#### PROVIDED MATERIAL:
|---|

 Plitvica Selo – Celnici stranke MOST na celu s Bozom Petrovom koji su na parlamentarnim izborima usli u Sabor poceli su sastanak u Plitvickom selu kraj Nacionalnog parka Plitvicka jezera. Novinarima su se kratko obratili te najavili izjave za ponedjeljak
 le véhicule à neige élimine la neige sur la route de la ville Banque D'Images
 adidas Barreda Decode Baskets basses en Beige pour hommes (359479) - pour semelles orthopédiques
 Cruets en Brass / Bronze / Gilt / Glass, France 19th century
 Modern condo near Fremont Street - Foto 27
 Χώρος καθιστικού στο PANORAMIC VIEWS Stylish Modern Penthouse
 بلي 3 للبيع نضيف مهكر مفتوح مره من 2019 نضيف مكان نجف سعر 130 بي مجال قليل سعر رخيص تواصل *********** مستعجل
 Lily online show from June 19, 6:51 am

|---|

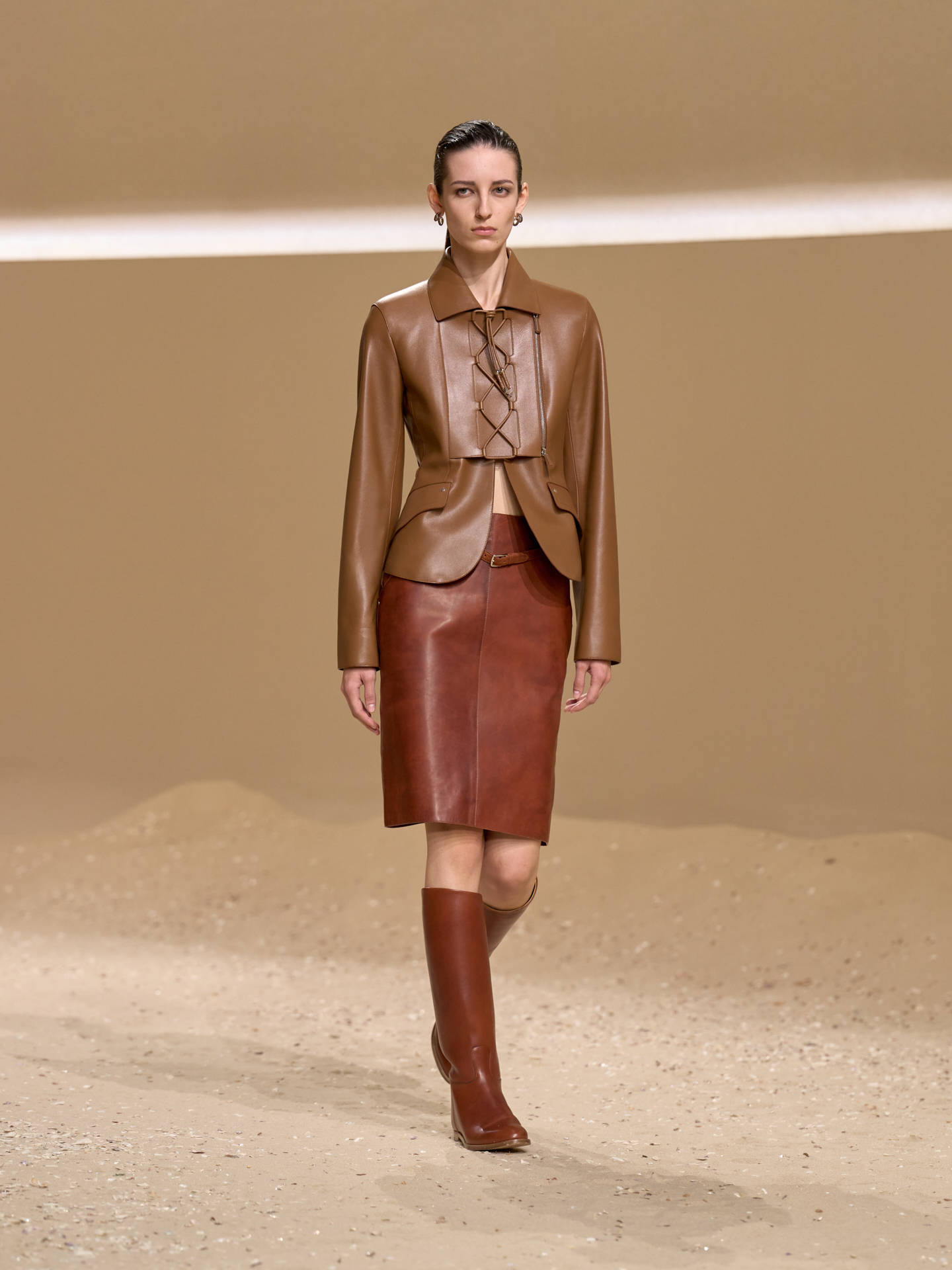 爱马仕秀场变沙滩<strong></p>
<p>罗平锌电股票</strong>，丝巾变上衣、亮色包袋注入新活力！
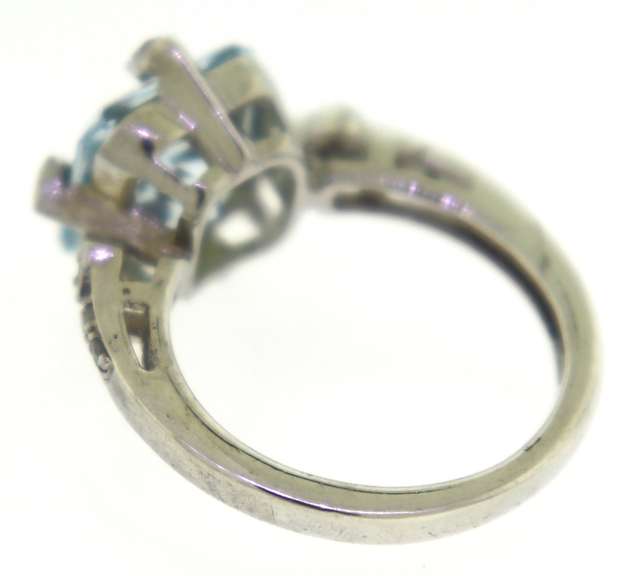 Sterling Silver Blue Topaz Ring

|---|

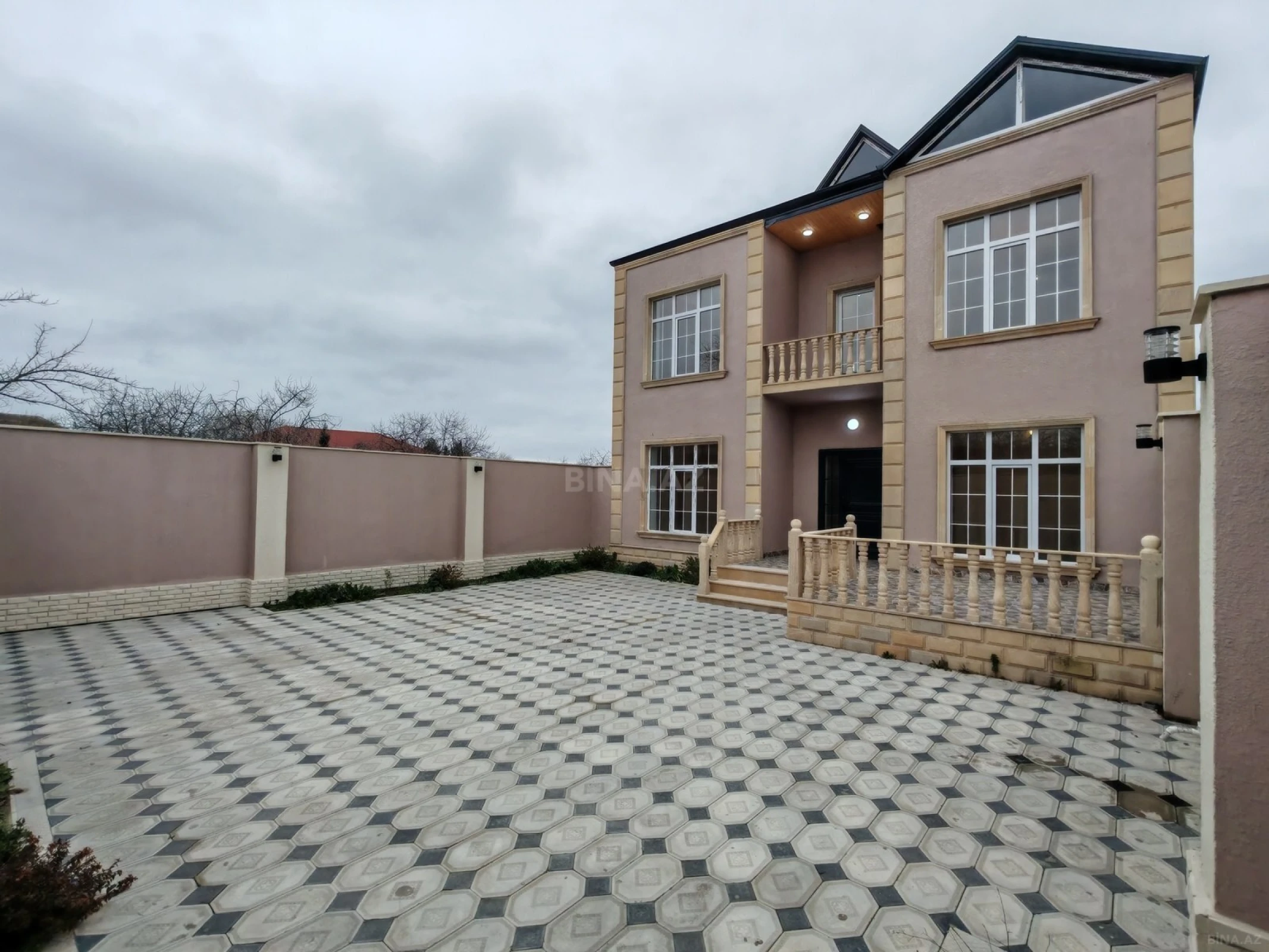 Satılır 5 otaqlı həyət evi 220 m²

|---|

#### TASK DETAILS:
In the listing above, start at the line with "بلي 3 للبيع", go on through the line with "Lily online show from June 19, 6:51 am", and copy each of those lines exactly; leave out all the rest.

#### SOLUTION TO THIS TASK:
 بلي 3 للبيع نضيف مهكر مفتوح مره من 2019 نضيف مكان نجف سعر 130 بي مجال قليل سعر رخيص تواصل *********** مستعجل
 Lily online show from June 19, 6:51 am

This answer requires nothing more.